QUORA QUESTION

Aug 14, 2016

Size — With an expected area of 10 million square feet, Gigafactory 1 will be “the world's largest building by physical area.” At that scale, Gigafactory 1 is a huge investment with a profit outlook of decades, not years. As such, Tesla has a greater need for cheap land, political stability, clear and favorable regulation, and minimal governmental friction than your typical run-of-the-mill manufacturing plant.

Subsidies — Gigafactory 1 is a gigantic investment. Estimates tag it as a $5 billion endeavor. Debt ridden and unprofitable, Tesla can’t afford to build the plant (they needed a $1.6 billion partnership/investment with Panasonic); how could they pay the $50 million/year property tax or the 8.15 percent sales tax? In the free market, Gigafactory 1 could not exist.
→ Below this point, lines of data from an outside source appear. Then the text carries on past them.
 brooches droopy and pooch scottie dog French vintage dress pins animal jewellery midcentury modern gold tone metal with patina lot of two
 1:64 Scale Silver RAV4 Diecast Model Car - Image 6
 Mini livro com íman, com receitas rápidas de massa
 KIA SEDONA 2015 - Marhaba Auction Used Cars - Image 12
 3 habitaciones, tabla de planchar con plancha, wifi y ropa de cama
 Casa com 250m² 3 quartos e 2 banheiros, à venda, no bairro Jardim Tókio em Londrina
Fortunately for Tesla, Nevada isn’t the free market. "Nevada was selected as the location of the Gigafactory with $1.25 billion of incentive grants from the State of Nevada in the form of 20 years free from sales tax, and 10 years free from property tax. The incentives include $195 million in transferable tax credits, which Tesla could sell for cash."
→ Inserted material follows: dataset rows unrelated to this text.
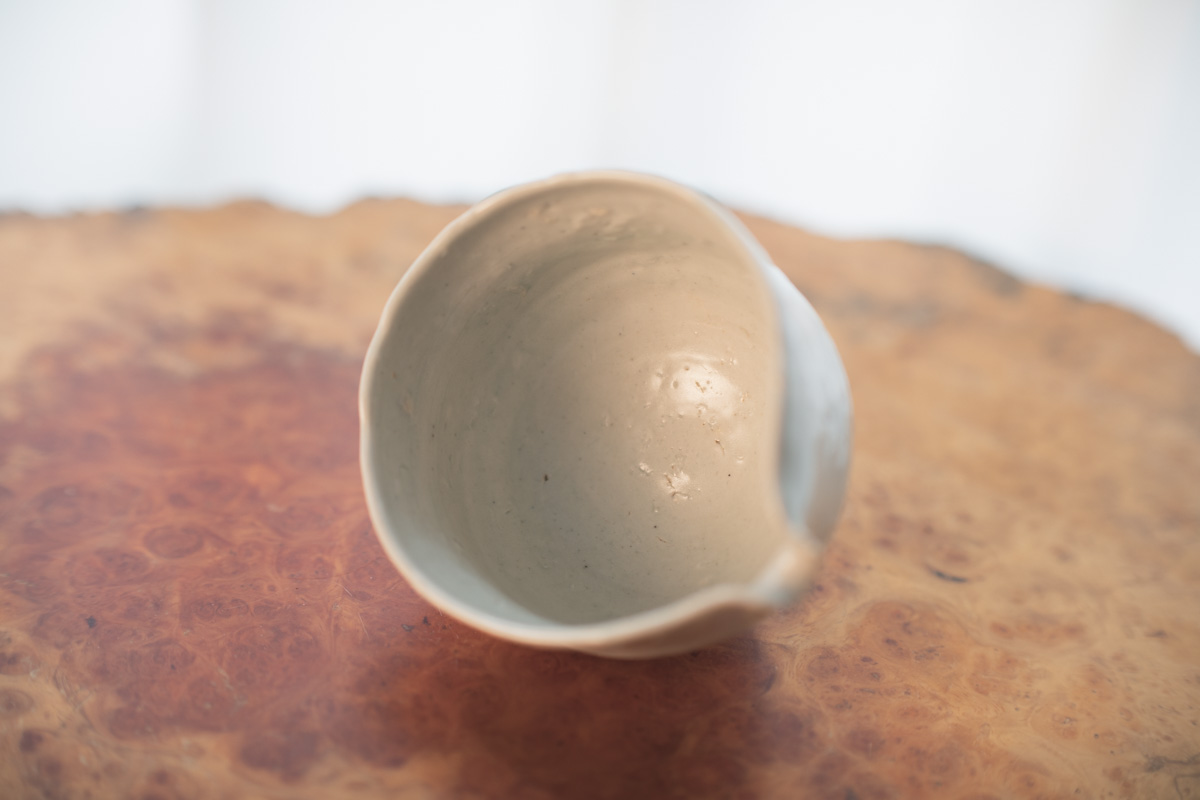 白釉片口（高田谷将宏）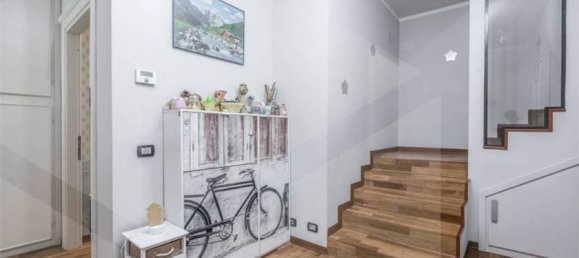 5 rooms Apartment in Castellarano, Italy No. 329355 7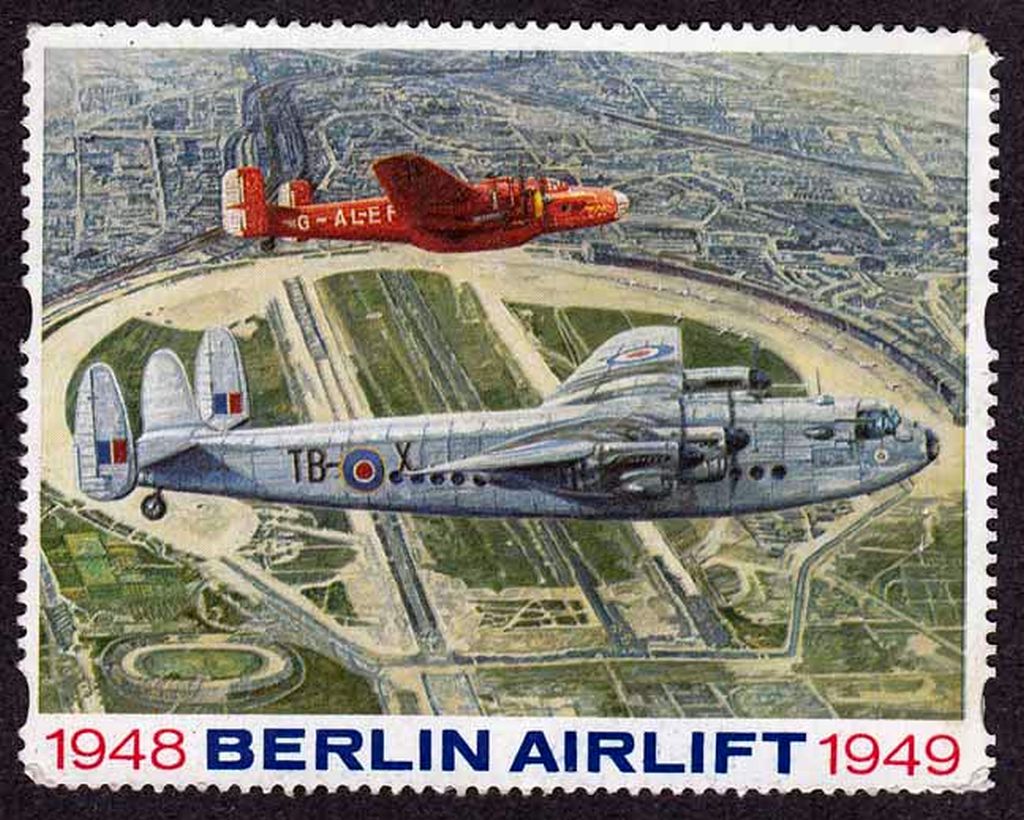 Berlínský vzdušný most se dostal i na poštovní známky.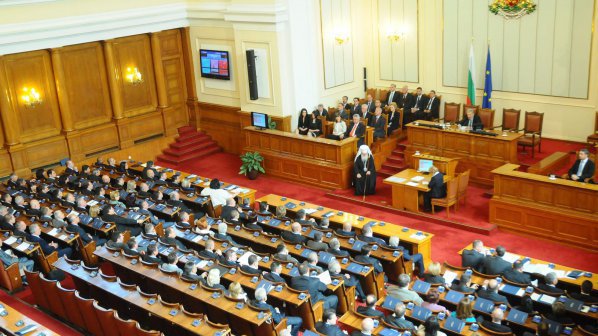 Депутатите се застраховат за 50 000 лева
Labor — Due to the project’s scale and time frame constraints, Tesla needs to hire and train 6,500 employees in a few years. If not the US (more specifically, the Pacific Coast), where else would Tesla be able to find:
1,000 engineers
1,000 experienced technicians
4,500 production associates with “three years experience doing complex electro-mechanical assembly work” and “the ability to lift 30 pounds to 50 pounds.”

Proximity to Lithium and Customers — Gigafactory 1 is projected to have a manufacturing capacity of 35 gigawatt-hours of cells per year. For reference, that means Gigafactory 1 will produce more lithium ion batteries in a year than the entire world produced in 2013. If Elon Musk’s optimism is founded, capacity might be even higher. As John D. Rockefeller figured out while running his monstrous oil refineries, when you are the middle man, location matters. Proximity to raw materials and customers can shave significant margins off the final product. This is especially true when there are trade barriers, taxes, and multiple legs and types of transportation. The Nevada location is within 200 miles of a large lithium mining company and within 250 miles of the Tesla Factory in Fremont, CA.
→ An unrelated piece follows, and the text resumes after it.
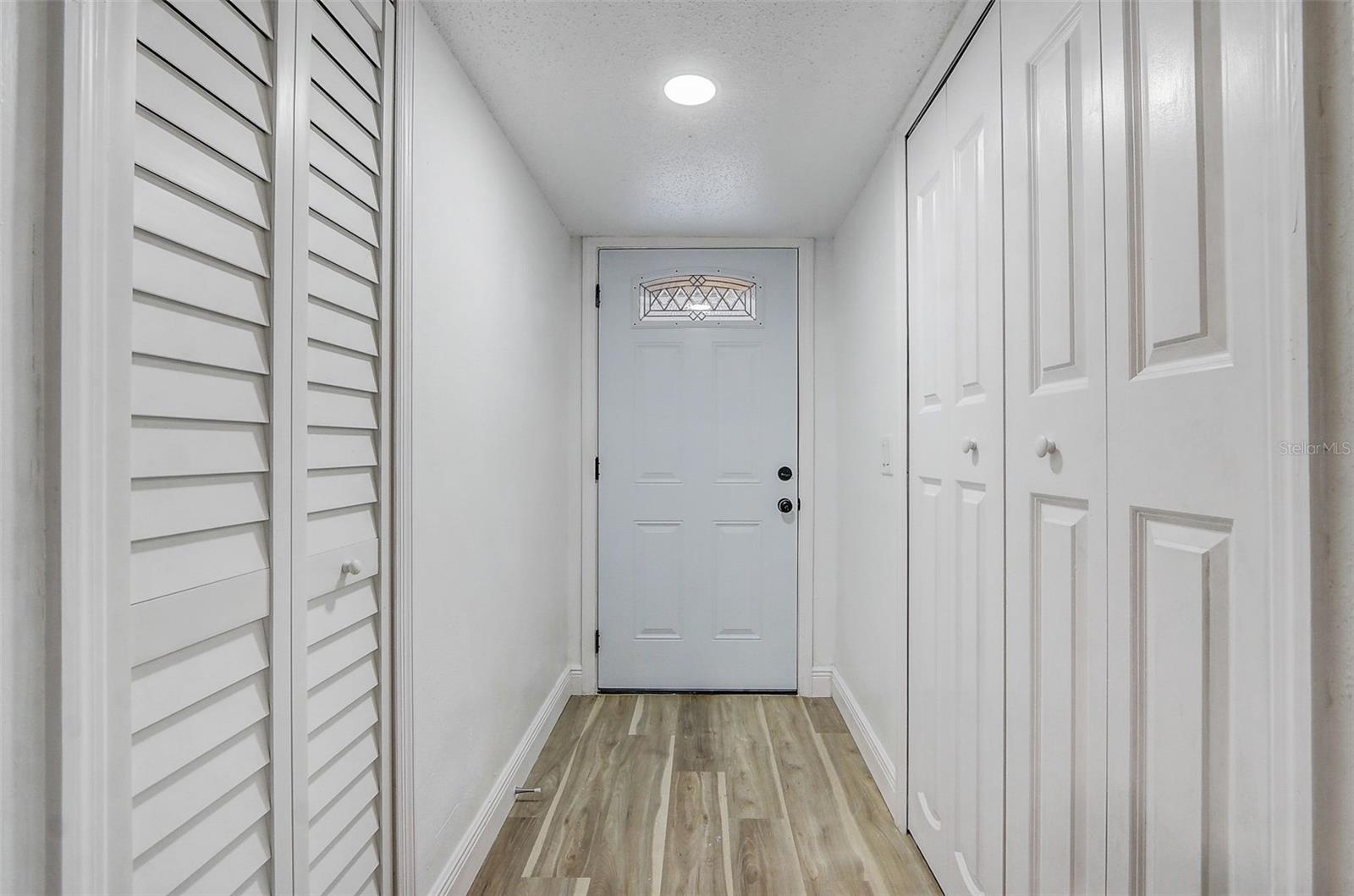 Image 10 of 38 For 3016 Stonecastle Road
Convenience — Tesla is an agile company. As Michael Barnard points out, staying relatively condensed helps them remain that way. For instance, it is much easier to reassign an employee from the Tesla Factory in Freemont, CA to the Gigafactory 1 plant in Nevada than it would be to reassign them to a Chinese or Japanese location. Keeping operations close also makes it much easier for Tesla’s top executives and engineers to travel.

Taxes — I don’t know how the Tesla Gigafactory division is structured, but operating the factory in a foreign nation could result in Tesla (or Panasonic) being double-taxed on foreign profits that it tries to bring back to the US. Obviously, that’s not a good thing.